Présenté au Festival de l’Alpe d’Huez, le film « Les Règles de l’art », en salle le 30 avril, revisite avec humour un spectaculaire vol de tableaux perpétré à Paris en 2010. Melvil Poupaud, Sofiane Zermani et Steve Tientcheu y campent trois amateurs embarqués malgré eux dans le « casse du siècle ».

Un cambriolage d’œuvres d’art devenu comédie de fiction

En mai 2010, cinq chefs-d’œuvre signés Picasso, Matisse, Léger, Braque et Modigliani disparaissaient du Musée d’Art Moderne de Paris en moins de vingt minutes. Ce fait divers improbable, relaté à l’époque dans Vanity Fair, a inspiré le réalisateur Dominique Baumard, qui en tire une comédie librement adaptée, mêlant suspense et satire sociale. Le film suit Yonathan, un horloger sans histoires (Melvil Poupaud), fasciné par le train de vie d’un receleur (Sofiane Zermani) qui l’entraîne dans une spirale criminelle. Leur complice, Jo, un cambrioleur méticuleux, exécute le vol, déclenchant une suite d’événements incontrôlables.

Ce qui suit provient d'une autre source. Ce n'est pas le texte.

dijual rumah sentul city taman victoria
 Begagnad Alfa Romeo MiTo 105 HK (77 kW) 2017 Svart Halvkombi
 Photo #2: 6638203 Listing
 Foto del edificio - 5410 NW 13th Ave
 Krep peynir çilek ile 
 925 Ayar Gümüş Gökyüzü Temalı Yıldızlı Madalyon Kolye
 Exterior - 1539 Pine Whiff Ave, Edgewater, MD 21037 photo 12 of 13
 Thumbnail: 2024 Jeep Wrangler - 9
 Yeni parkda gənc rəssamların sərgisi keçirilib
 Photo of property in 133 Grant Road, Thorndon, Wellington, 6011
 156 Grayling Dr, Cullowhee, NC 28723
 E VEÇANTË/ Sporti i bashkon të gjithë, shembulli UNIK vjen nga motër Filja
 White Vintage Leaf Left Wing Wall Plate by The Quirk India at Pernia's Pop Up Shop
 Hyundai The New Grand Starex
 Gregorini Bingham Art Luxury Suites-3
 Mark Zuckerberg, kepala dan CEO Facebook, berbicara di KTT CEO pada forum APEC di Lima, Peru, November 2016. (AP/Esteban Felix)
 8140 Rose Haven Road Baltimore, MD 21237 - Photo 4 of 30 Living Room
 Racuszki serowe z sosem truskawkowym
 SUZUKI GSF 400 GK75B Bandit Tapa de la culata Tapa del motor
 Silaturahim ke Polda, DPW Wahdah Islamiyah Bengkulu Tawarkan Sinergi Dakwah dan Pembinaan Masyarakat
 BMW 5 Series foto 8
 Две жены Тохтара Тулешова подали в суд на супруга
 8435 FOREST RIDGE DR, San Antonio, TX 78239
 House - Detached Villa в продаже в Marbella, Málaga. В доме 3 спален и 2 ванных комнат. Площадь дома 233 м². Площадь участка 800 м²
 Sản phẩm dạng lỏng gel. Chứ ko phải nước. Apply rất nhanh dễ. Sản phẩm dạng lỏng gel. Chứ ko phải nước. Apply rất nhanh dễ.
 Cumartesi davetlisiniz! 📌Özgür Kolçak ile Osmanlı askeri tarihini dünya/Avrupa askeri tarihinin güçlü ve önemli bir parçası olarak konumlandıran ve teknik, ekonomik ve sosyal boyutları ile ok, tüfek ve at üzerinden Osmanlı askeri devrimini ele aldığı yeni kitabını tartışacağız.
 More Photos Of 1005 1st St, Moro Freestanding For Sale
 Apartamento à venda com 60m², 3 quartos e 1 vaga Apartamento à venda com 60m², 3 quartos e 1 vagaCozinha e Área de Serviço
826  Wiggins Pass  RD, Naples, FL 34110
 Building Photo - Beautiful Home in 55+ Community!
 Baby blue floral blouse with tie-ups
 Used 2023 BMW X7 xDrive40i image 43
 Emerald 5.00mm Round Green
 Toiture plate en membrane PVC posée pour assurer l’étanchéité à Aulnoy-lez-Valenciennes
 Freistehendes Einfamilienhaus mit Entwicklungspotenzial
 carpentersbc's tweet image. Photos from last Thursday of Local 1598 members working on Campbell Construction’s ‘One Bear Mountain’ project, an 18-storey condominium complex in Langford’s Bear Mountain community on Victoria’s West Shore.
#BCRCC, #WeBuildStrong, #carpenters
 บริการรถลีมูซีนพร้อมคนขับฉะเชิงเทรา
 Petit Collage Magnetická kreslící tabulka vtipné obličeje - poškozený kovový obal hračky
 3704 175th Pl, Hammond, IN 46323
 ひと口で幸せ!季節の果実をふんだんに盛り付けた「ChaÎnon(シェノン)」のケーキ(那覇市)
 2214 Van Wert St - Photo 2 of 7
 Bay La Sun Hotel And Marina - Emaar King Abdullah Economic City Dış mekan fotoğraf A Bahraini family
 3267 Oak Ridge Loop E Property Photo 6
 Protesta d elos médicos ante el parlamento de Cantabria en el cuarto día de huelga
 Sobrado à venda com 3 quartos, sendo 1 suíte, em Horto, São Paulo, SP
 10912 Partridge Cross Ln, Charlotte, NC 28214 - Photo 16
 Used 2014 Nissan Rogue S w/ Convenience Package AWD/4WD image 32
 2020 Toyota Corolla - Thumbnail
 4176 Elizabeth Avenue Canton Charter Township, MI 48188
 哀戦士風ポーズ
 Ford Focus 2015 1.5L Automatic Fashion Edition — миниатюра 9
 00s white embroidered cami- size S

Un regard ironique sur l’univers de l’art et ses dérives

« Les Règles de l’art » interroge, à travers cette aventure rocambolesque, la valeur réelle des œuvres d’art, le pouvoir de l’argent et l’obsession de la possession. Tourné en partie dans les lieux mêmes du délit, dont le Musée d’Art Moderne, le film mise sur un ton proche de celui des frères Coen, entre drame latent et humour décalé. Récompensée du Prix du public à l’Alpe d’Huez, cette fiction s’inscrit dans la lignée des comédies de casse à la française, tout en offrant une réflexion sur les limites de l’amateurisme face à un monde de l’art impitoyable.